Marzia has repeatedly been stopped by the Taliban whereas travelling on her own to work in her university, which is a violation of an earlier edict that forbids ladies from travelling alone.
“They regularly cease the taxi I'm in, asking where my mahram is,” Marzia said.
“When I try to explain I don’t have one, they won’t pay attention. It doesn’t matter that I'm a respected professor; they show no dignity and order the taxi drivers to desert me on the roads,” she mentioned.
“I have needed to stroll several kilometres to house or my courses on more than one occasion.”
‘Dignity and agency’Marzia’s sentiments had been echoed by girls’s rights activists primarily based in Afghanistan and outdoors the country.
Activist Huda Khamosh was a frontrunner within the women-led demonstrations in Kabul that came about after the Taliban takeover last summer season. She evaded arrest throughout a Taliban crackdown on female protestors in February. Later, Khamosh confronted Taliban leaders at a conference in Norway, demanding that they launch her fellow female protestors held in Kabul.
“The Taliban regime was imposed on us, and their self-imposed guidelines don't have any legal basis, and send a mistaken message to the young women of this era in Afghanistan, reducing their identity to their garments,” stated Khamosh, who urged Afghan women to raise their voices.
“By no means be silent,” she mentioned.
“The rights granted to a lady [in Islam] are extra than simply the right to decide on one’s husband and get married,” Khamosh said, referring to a Taliban decree on rights that focused solely on the suitable to marriage, however didn't address points of work and training for ladies.
“Ladies have dignity and agency over their lives,” she said.
“Twenty years [of gains made by Afghan women] shouldn't be insignificant progress to lose overnight. We won this on our personal would possibly, preventing the patriarchal society, and nobody can remove us from the community.”

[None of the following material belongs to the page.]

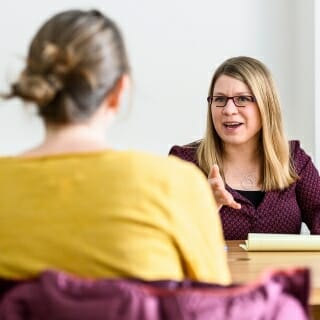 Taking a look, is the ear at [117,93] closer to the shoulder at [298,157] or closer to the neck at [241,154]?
the neck at [241,154]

The activists also stated they'd predicted the current developments in Afghanistan, and positioned equal blame on the international neighborhood for not recognising the urgency of the state of affairs.
Samira Hamidi, an Afghan activist and senior researcher at Amnesty International, stated that even after the Taliban’s take over final August, Afghan ladies continued to insist that the international community preserve girls’s rights as “a non-negotiable element of their engagement and negotiations with the Taliban”.

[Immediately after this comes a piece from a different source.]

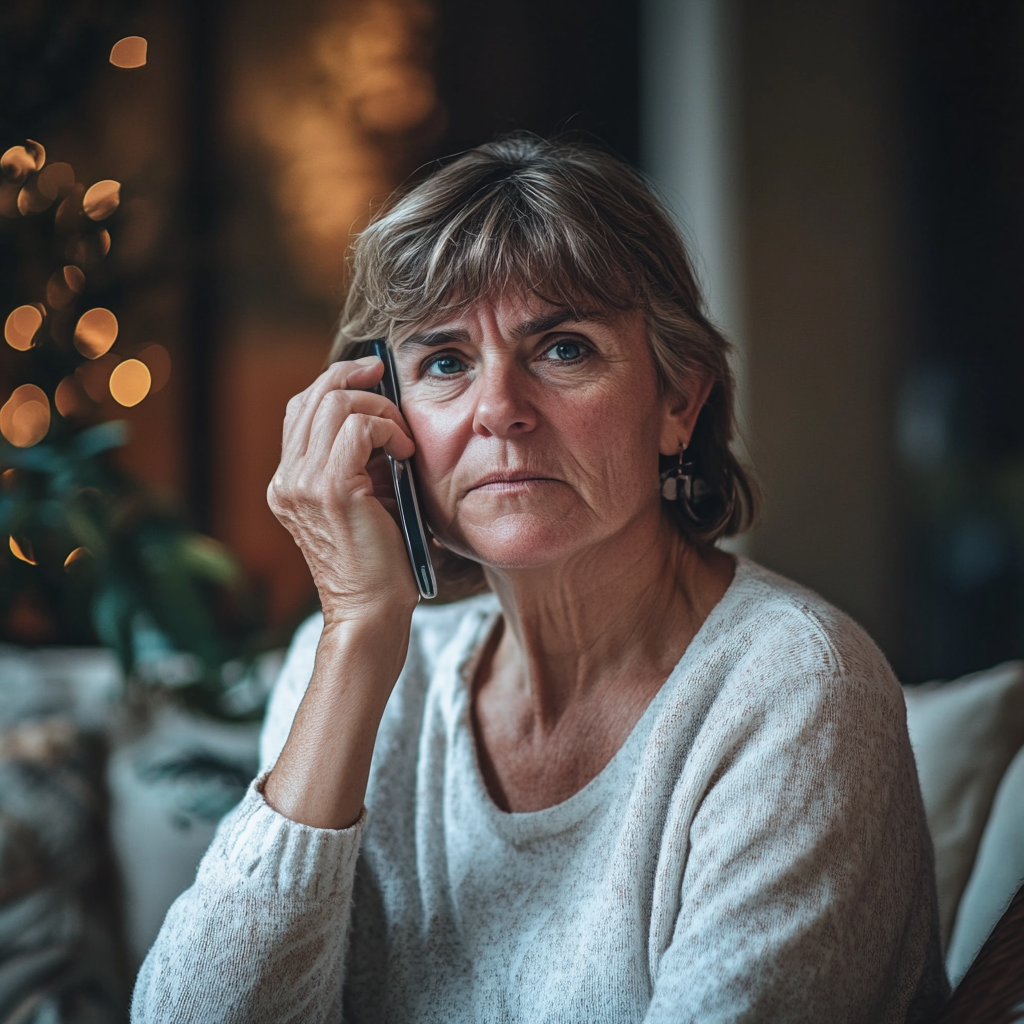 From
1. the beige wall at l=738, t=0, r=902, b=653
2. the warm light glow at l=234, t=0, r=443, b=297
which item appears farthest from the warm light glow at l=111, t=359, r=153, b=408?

But the international group had failed Afghan ladies but once more, Hamidi mentioned.
“For a decade Afghan ladies have been warning all actors involved in peace negotiations about what returning the Taliban to power will means to women,” she mentioned.
The current situation has resulted from flawed insurance policies and the international group’s lack of “understanding on how serious girls’s rights violations” are in Afghanistan, she mentioned.
“It is a blatant violation of the suitable to freedom of selection and motion, and the Taliban were given the space and time [by the international community] to impose further reprisals and systematic discrimination,” Hamidi stated.
Khamosh, the activist, agrees.
“The world is betraying an entire era with their silence,” she said.
“It is a crime towards humanity to permit a country to turn into a jail for half its population,” she stated, adding that repercussions from the ongoing state of affairs in Afghanistan will probably be felt globally.
Marzia, the professor, shared the same sense of disappointment.
“We are a rustic that has produced a few of the most good girls leaders. I used to show my college students the worth of respecting and supporting women,” she mentioned.
“I gave hope to so many younger ladies and all of that has been thrown in [the] trash as meaningless,” she mentioned.
“My heart breaks into items with each new ‘regulation’ and decrees they difficulty that contradicts our Islamic and Afghan values.”